Replacing blank commercial break

My office TV setup is Channels via TVE sources only. I love how elegantly it ties everything together with minimal hardware. However I’ve developed a love/hate relationship with this screen.
:slight_smile:

It seems odd to me that the network hasn’t figured out a way to monetize this block with some kind of advertising (local or otherwise,) but that’s kinda besides the point. As a DVR user for 20 years, I don’t usually enjoy or expect commercials; I’ve gotten used to skipping them when actively watching any time-shifted content. And of course, Channels takes it to the next level by automatically skipping, which I love!

But when we’re working during the day we leave like to leave live TV on in the background, listening passively, usually to the news, in the rooms next to the kitchen.
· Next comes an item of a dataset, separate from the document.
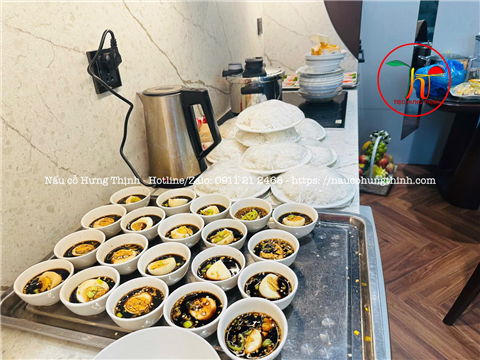 Ảnh cỗ đám giỗ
And now every time these blank commercials play, someone wonders “is the TV still on?” This is just sort of a strange conundrum that got me thinking.
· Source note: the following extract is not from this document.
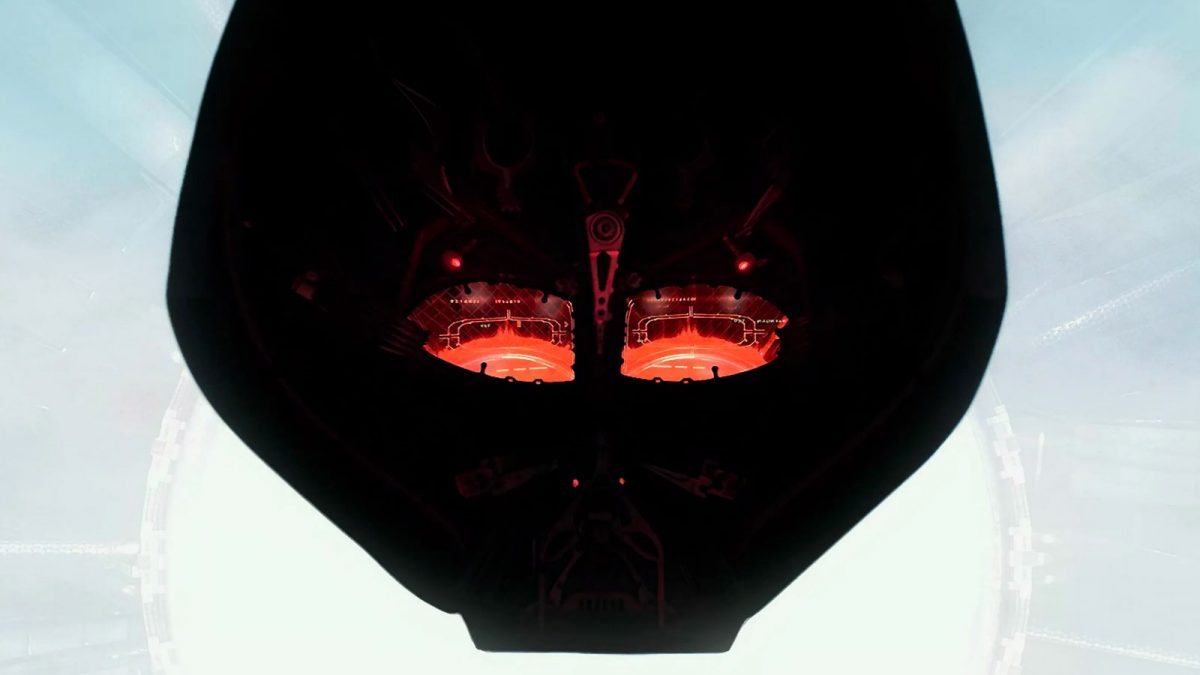 Darth Vaders Maske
It would be cool if we could set up Channels to play audio, like an mp3 file, playlist or stream of our choosing if it detected an extended period of silence.

Yes I realize this will probably be considered a crazy idea. “It’s called brain storming, not brain drizzling!”

Happy Sunday, y’all :slight_smile:

CNN is one of the few networks that permanently displays a placeholder graphic. (HLN does, too, and CNNI just shows a black/blank screen, which is quite jarring.)

What other networks do (and is most often visible on ViacomCBS and Discovery network streams) is they air the national commercials as normal, but the spots where local affiliates/cable operators would insert local ads get the placeholder graphic.

Unfortunately, those screens are inserted by the network, and part of the original source stream. Therefore, Channels will treat those sections just like any other live stream. To modify this, they would need to run live commercial detection on every TVE stream it receives. (And that most likely won't be very effective. If you've ever recorded from CNN, you'll note that comskip does not flag those commercial breaks. Since it doesn't do it during offline processing, it's far less likely it'll be able to detect those as commercials with its inferior live processing.)

That makes sense and is a perfectly reasonable explanation. But would there be anything technical (or legal) standing in the way of code that could simply detect an extended period of silence? And then play placeholder audio instead during its duration?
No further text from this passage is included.